How to modify the HTML object of a request-html response?

111 views Asked by At

Let's say I get some html successfully using the following:

from requests_html import HTMLSession

session = HTMLSession()
url = https://example.com
html = session.get(url).html

Now I want to modify that html and then save it to a local file. How would I do that?

I want to update the href attribute, but this doesn't do it:

for a in html.find["a"]:
    link = a.attr['href']  # https://example.com/page1.html
    a.attr['href'] = "page1.html"

with open("index.html", "wb") as f:
    f.write(html.raw_html)

Is there a way to do this with requests-html, or do I have to use lxml, bs4, or qyquery to edit the html?

1

There are 1 answers

2
Yuri R On

It's better to manually reconstruct the HTML from the modified elements.

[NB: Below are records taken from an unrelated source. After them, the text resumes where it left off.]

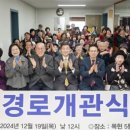 목현경로당 네이버블로그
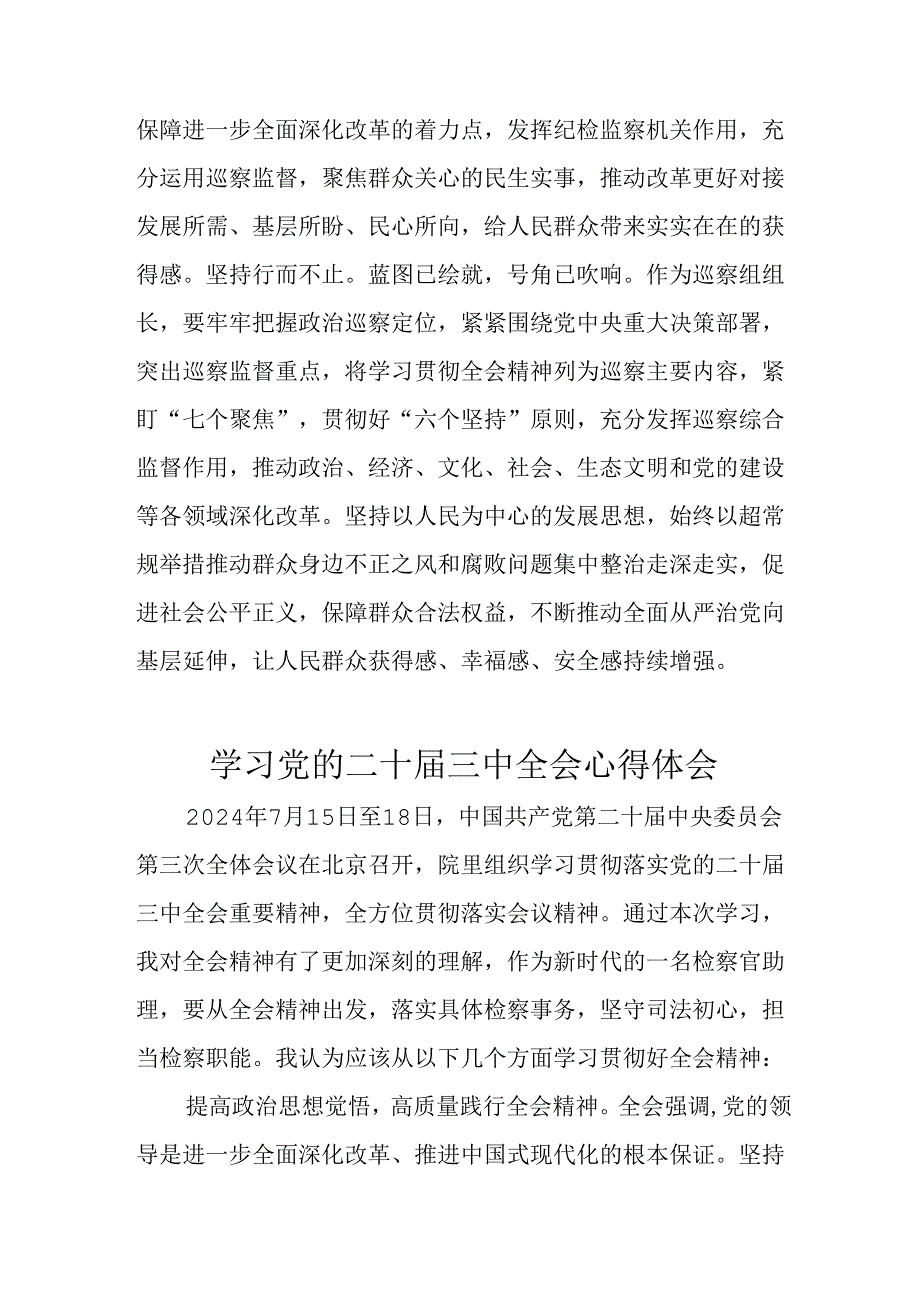 学习2024年学习党的二十三中全会个人心得体会 （14份）.docx_第3页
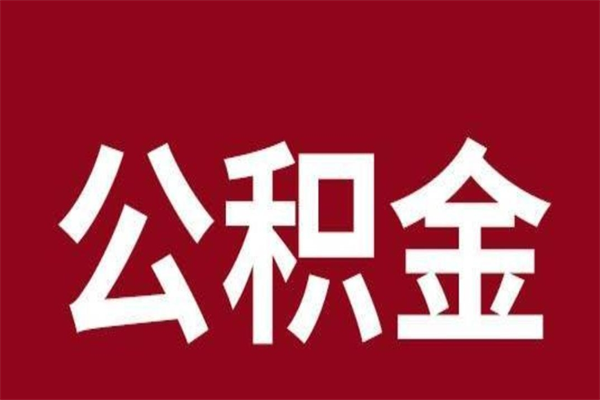 莱州公积金离职怎么领取（公积金离职提取流程）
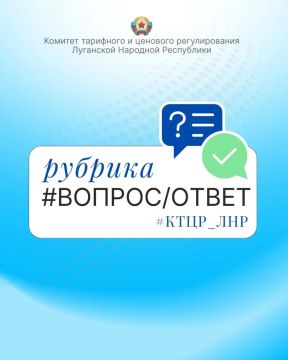 Друзья, в I квартале 2026 года Комитет тарифного и ценового регулирования ЛНР получил множество вопросов, касающихся компетенции Комитета
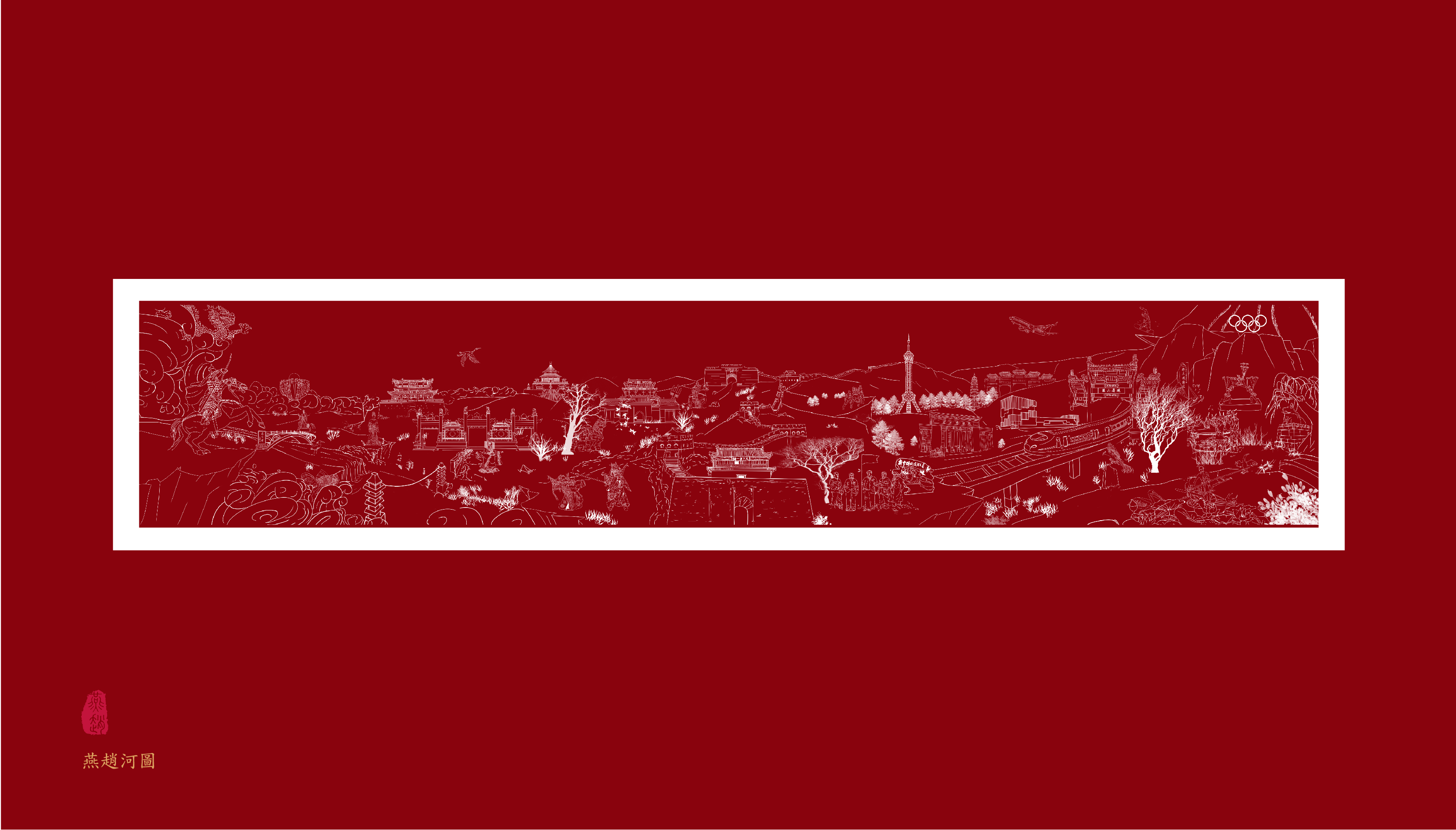 Yanzhao River Map，Hebei Wenchuang，Heli，Cultural creation，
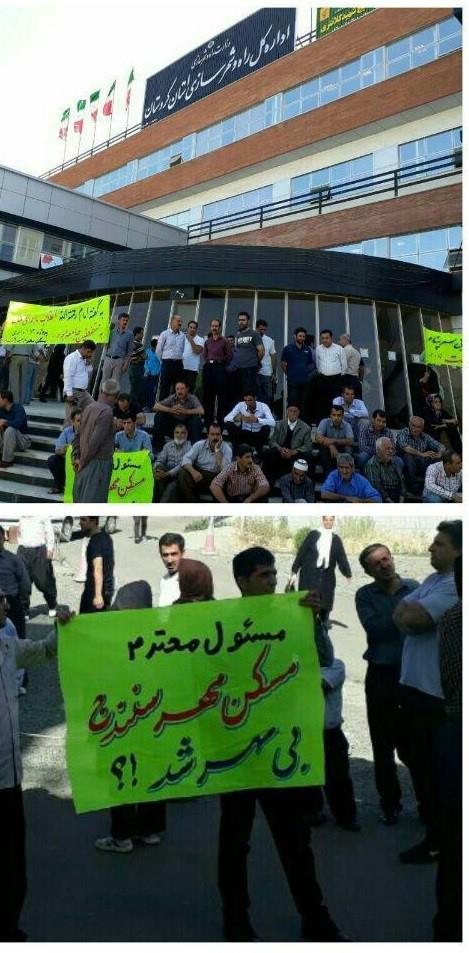 Sanandaj, western Iran; 'Maskan Mehr' shareholders gather to protest thier plundered money 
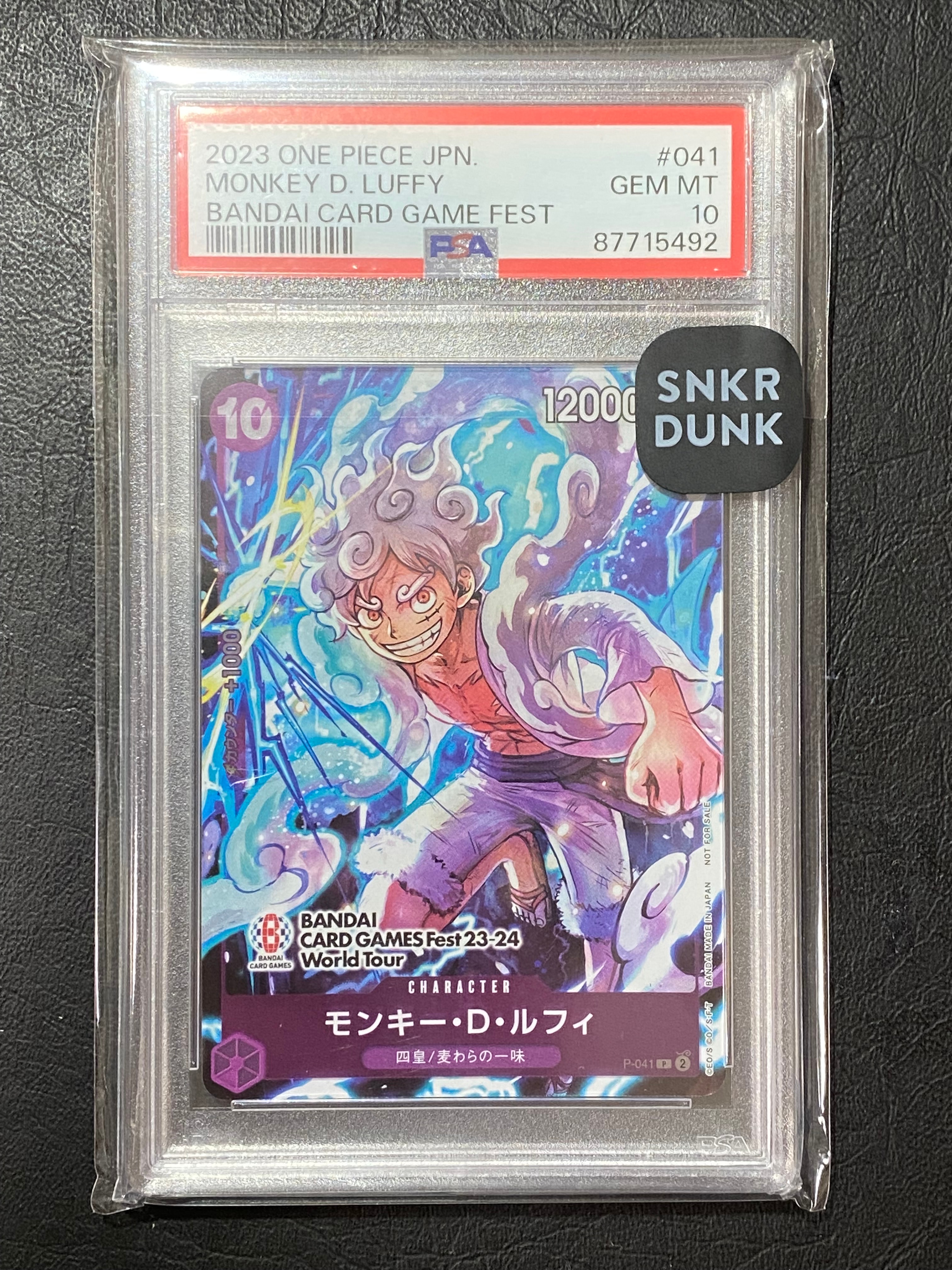 モンキー・D・ルフィ P [P-041] (BANDAI CARD GAMES Fest23-24 World Tour)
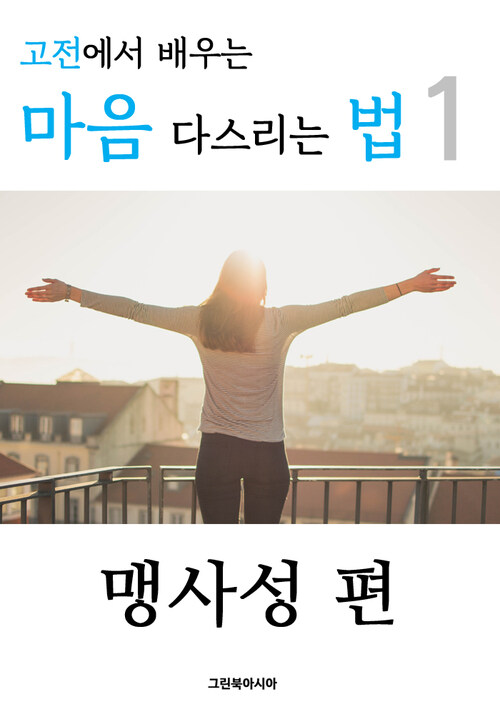 고전에서 배우는 마음 다스리는 법 1 (맹사성 편)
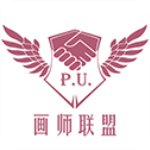 画师联盟接单平台官方版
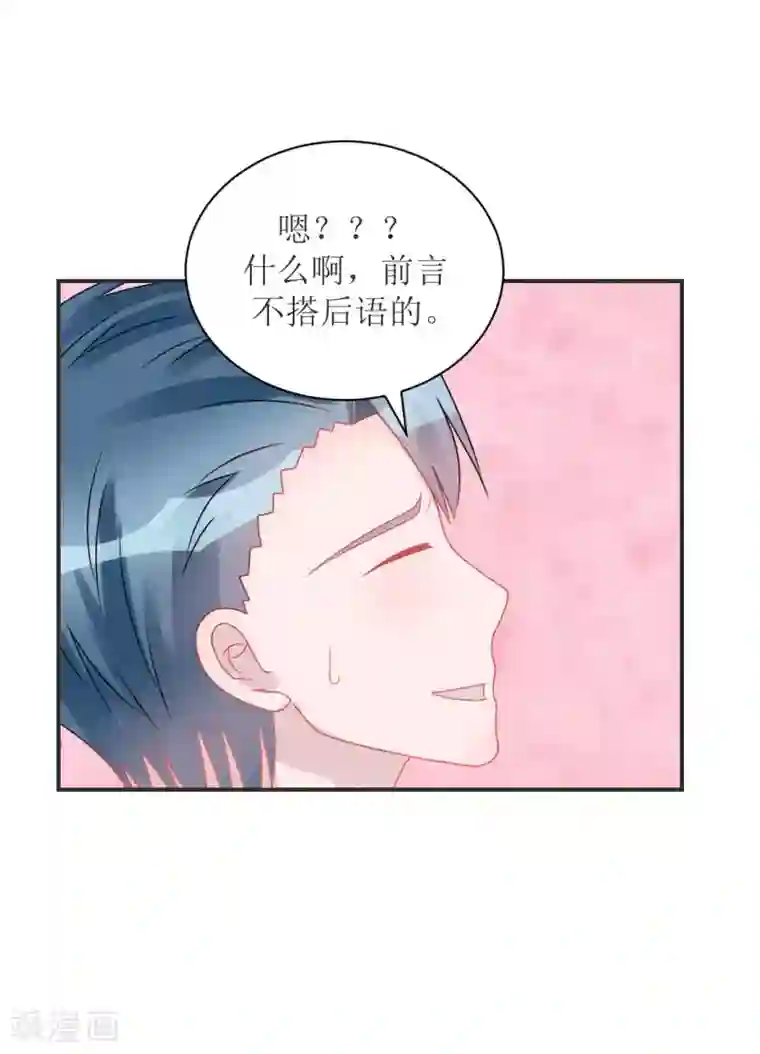 学长纪要最终话 见父母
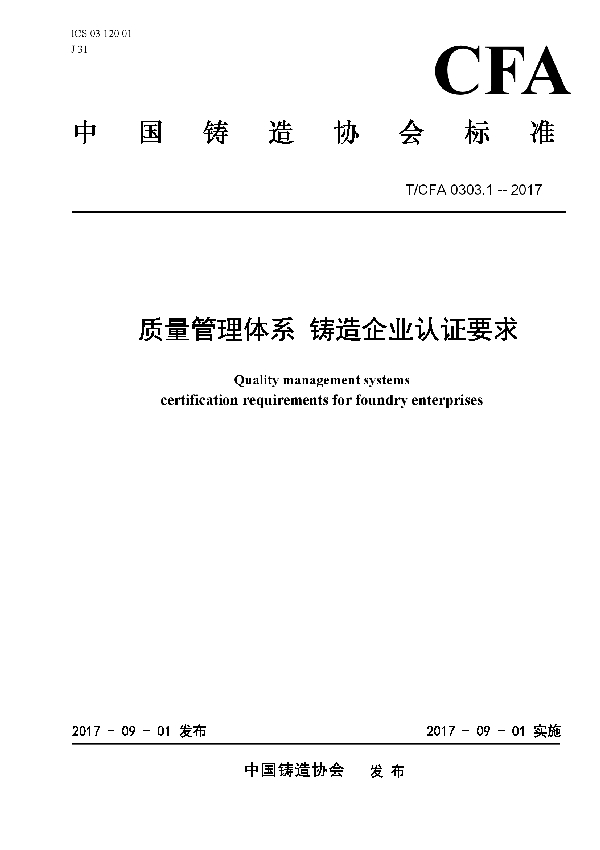 质量管理体系 铸造企业认证要求 (T/CFA 0303.1-2017)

from requests_html import HTMLSession
from lxml import html

session = HTMLSession()
url = "https://example.com"
r = session.get(url)

# Parse the HTML
doc = html.fromstring(r.content)

# Modify the href attribute of each <a> tag
for a in doc.xpath('//a'):
    link = a.get('href', '')  # Get current href, default to empty string if not present
    # Modifying the href attribute (update this as per your requirement)
    new_link = link.replace('https://example.com/', '')
    a.set('href', new_link)

# Reconstruct the HTML from the modified elements
modified_html = html.tostring(doc, encoding='unicode')

# Saving the modified HTML to a local file
with open("index.html", "w", encoding="utf-8") as f:
    f.write(modified_html)

In the requests_html library, when you use the .find() method, it returns a list of Element objects. These Element objects represent the HTML elements as they were at the time of parsing. Modifying these Element objects does not directly change the underlying HTML source text.